Qualche anno fa, la legge ha istituito l’Anagrafe dei rapporti tributari, meglio conosciuta come Anagrafe dei conti correnti. Si tratta di un database in uso al Fisco (ossia all’Agenzia delle Entrate) ed alimentato con le informazioni che gli stessi istituti di credito forniscono. In particolare ogni banca deve indicare tutti i rapporti in essere con i propri clienti: numero di conto corrente, deposito, lista movimenti, contratti di deposito titoli, investimenti, cassette di sicurezza, ecc.

Tali informazioni vengono poi utilizzate dal fisco per scovare l’evasione. Tuttavia la legge consente anche ai creditori, muniti di titolo esecutivo (ad esempio una sentenza di condanna, un decreto ingiuntivo definitivo, un assegno o una cambiale) di accede all’Anagrafe dei conti correnti per verificare presso quale istituto di credito il debitore ha il conto e procedere al pignoramento.

Come dicevamo sopra, tale Anagrafe non contiene l’indicazione dei conti correnti all’estero. Ma come fa allora il creditore a pignorarli? Il problema potrebbe essere superabile in due modi.

Se il debitore ha regolarmente denunciato il conto corrente al Fisco, il creditore potrebbe chiedere all’ufficiale giudiziario di rivolgersi all’Anagrafe Tributaria per l’individuazione dei beni del debitore [2]. L’esistenza dei conti all’estero (per esempio, in Svizzera) risulterà dunque immediatamente dai registri dell’Agenzia delle Entrate.

In secondo luogo, avviando un pignoramento mobiliare, con conseguente un accesso al luogo di residenza o alla sede legale del debitore, l’ufficiale giudiziario che non trovi beni sufficienti da pignorare, ingiunge al debitore di rivelargli l’esistenza di ulteriori beni. A tal punto, dovrebbe stare nella “buona fede” del soggetto pignorato rivelare eventuali conti esteri.

È verosimile tuttavia che, pur essendo la falsa dichiarazione al pubblico ufficiale un illecito grave, nessuno fornirà facilmente tali dati.

Insomma non è affatto facile sapere se qualcuno ha un conto in un altro paese. Spesso, bisogna assumere investigatori privati, e questo costa caro.

Come si fa il pignoramento dei conti esteri?

Ammettiamo che il creditore venga a conoscenza dell’esistenza del conto estero. A questo punto scatta un secondo problema: quello della procedura. Si tratta di una procedura più complessa rispetto a un conto italiano.

Dal punto di vista procedurale, la sentenza di condanna emessa dal giudice italiano è titolo per l’espropriazione in un Paese estero che ha aderito alla “Convenzione concernente l’esecuzione delle decisioni in materia civile e commerciale” [3].

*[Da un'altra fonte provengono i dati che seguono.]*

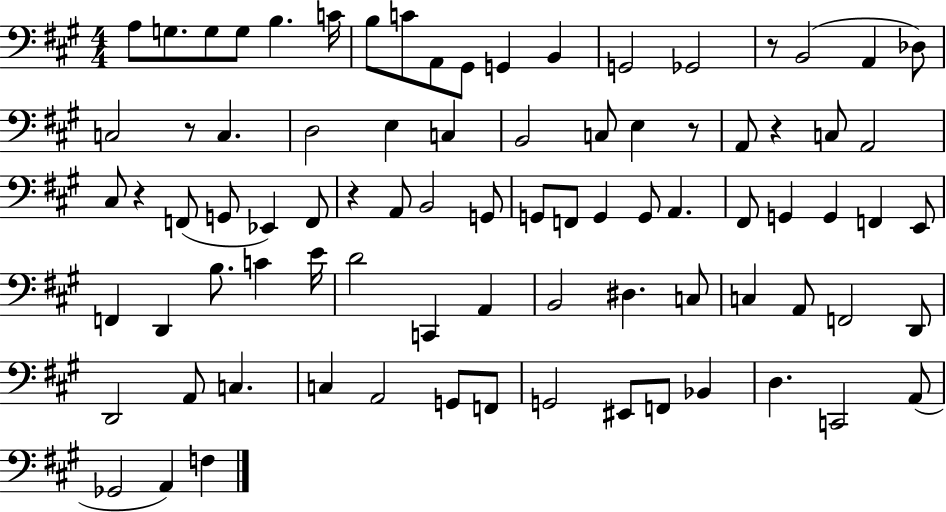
A3/e G3/e. G3/e G3/e B3/q. C4/s B3/e C4/e A2/e G#2/e G2/q B2/q G2/h Gb2/h R/e B2/h A2/q Db3/e C3/h R/e C3/q. D3/h E3/q C3/q B2/h C3/e E3/q R/e A2/e R/q C3/e A2/h C#3/e R/q F2/e G2/e Eb2/q F2/e R/q A2/e B2/h G2/e G2/e F2/e G2/q G2/e A2/q. F#2/e G2/q G2/q F2/q E2/e F2/q D2/q B3/e. C4/q E4/s D4/h C2/q A2/q B2/h D#3/q. C3/e C3/q A2/e F2/h D2/e D2/h A2/e C3/q. C3/q A2/h G2/e F2/e G2/h EIS2/e F2/e Bb2/q D3/q. C2/h A2/e Gb2/h A2/q F3/q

Con gli altri Stati invece sono previste appositi accordi bilaterali.

Se si vuole bloccare un conto all’estero, serve una procedura speciale che richiede l’aiuto di un avvocato esperto in queste questioni internazionali. Potresti avere bisogno anche di qualcuno che traduca i documenti legali.

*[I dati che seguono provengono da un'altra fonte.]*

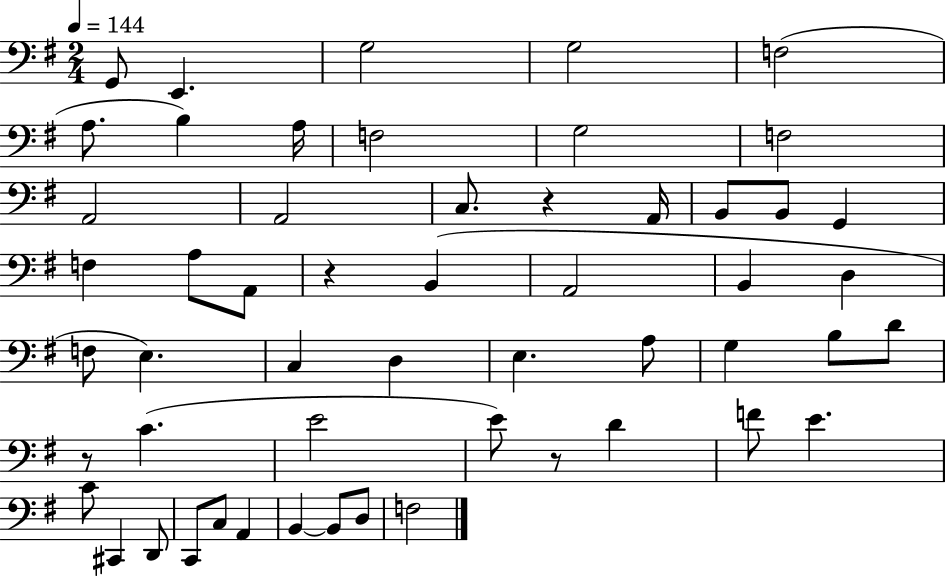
{
  \clef bass
  \numericTimeSignature
  \time 2/4
  \key g \major
  \tempo 4 = 144
  g,8 e,4. | g2 | g2 | f2( | \break a8. b4) a16 | f2 | g2 | f2 | \break a,2 | a,2 | c8. r4 a,16 | b,8 b,8 g,4 | \break f4 a8 a,8 | r4 b,4( | a,2 | b,4 d4 | \break f8 e4.) | c4 d4 | e4. a8 | g4 b8 d'8 | \break r8 c'4.( | e'2 | e'8) r8 d'4 | f'8 e'4. | \break c'8 cis,4 d,8 | c,8 c8 a,4 | b,4~~ b,8 d8 | f2 | \break \bar "|."
}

Tentare di bloccare un conto all’estero ha poi dei costi superiori a quelli per i conti nazionali. Le spese legali sono maggiorate per via delle notifiche internazionali.

Sicuramente c’è un’enorme differenza se il conto è in un paese dell’Unione Europea o fuori.

Per i Paesi dell’UE ci sono delle regole comuni che possono semplificare un po’ le cose. Ma comunque devi fare riconoscere il tuo diritto a bloccare i soldi nel paese dove si trova il conto.

Per i Paesi fuori dall’UE il discorso si complica tutto. Alcuni Stati potrebbero non riconoscere la decisione di un giudice italiano.